Kabul: Taliban kidnappers shot dead a male South Korean hostage on Monday, a spokesman said, accusing the Afghan government of not listening to rebel demands for the release of Taliban prisoners.

"We shot dead a male captive because the government did not listen to our demands," spokesman Qari Mohammad Yousuf told Reuters by telephone. He said the Taliban would kill more hostages if Kabul ignored their demand to release rebel prisoners, but gave no new deadline. He said the body had been dumped by the side of a road.

The shooting was a bloody rejection of the authorities' request for more time for talks on freeing the South Korean hostages after the expiry of a rebel deadline earlier in the day.

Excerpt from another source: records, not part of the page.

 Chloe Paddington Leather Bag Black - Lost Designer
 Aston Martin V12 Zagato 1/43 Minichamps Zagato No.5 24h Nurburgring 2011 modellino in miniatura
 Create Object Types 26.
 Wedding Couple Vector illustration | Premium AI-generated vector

The Taliban seized 23 Korean Christians, 18 of them women, 11 days ago from a bus in Ghazni on the main highway south from Kabul and killed the leader of the group on Wednesday after an earlier deadline passed.

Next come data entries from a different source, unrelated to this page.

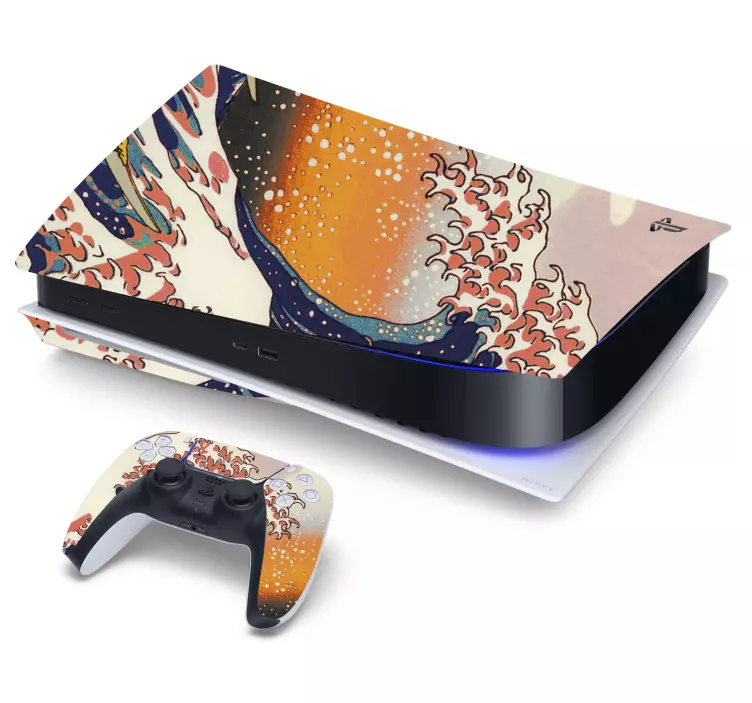 Waves and mountains PS5 skin - TenStickers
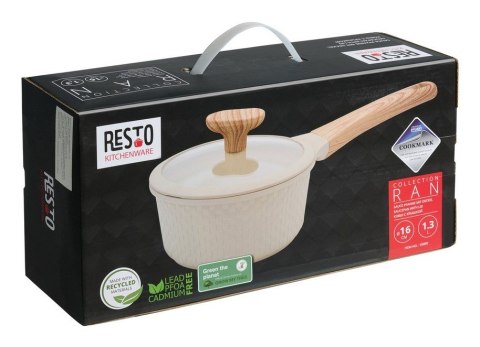 Resto Kitchenware 93800 garnek 1,3 l Okrągły Beżowy Resto Kitchenware 93800 garnek 1,3 l Okrągły Beżowy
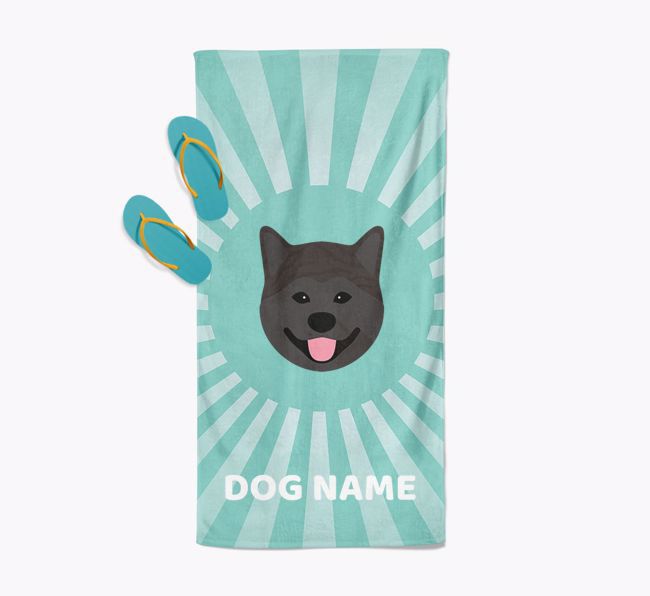 Personalised Pool Towel with {breedFullName} Icon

The hostage crisis has focused attention on growing lawlessness in Afghanistan with Taliban influence, suicide bombs and attacks spreading to many areas previously considered safe and making road travel between major cities a risky affair.

A spokesman for the governor of Ghazni province, southwest of the capital Kabul, where the hostages were seized, said earlier that Afghan authorities had asked for two more days in which to settle the hostage crisis peacefully.

The Taliban had earlier extended its 'final' deadline but insisted the release of Taliban prisoners was the only way to settle the crisis.

On Sunday, the Taliban ruled out further talks after they said government negotiators demanded the unconditional release of the hostages and a senior Afghan official said that force might be used to rescue them if talks failed.

The government had wanted the Taliban to first release the 18 women hostages, but the insurgents demanded the government release its prisoners first, leading to deadlock, said a Kabul-based Western security analyst who declined to be named.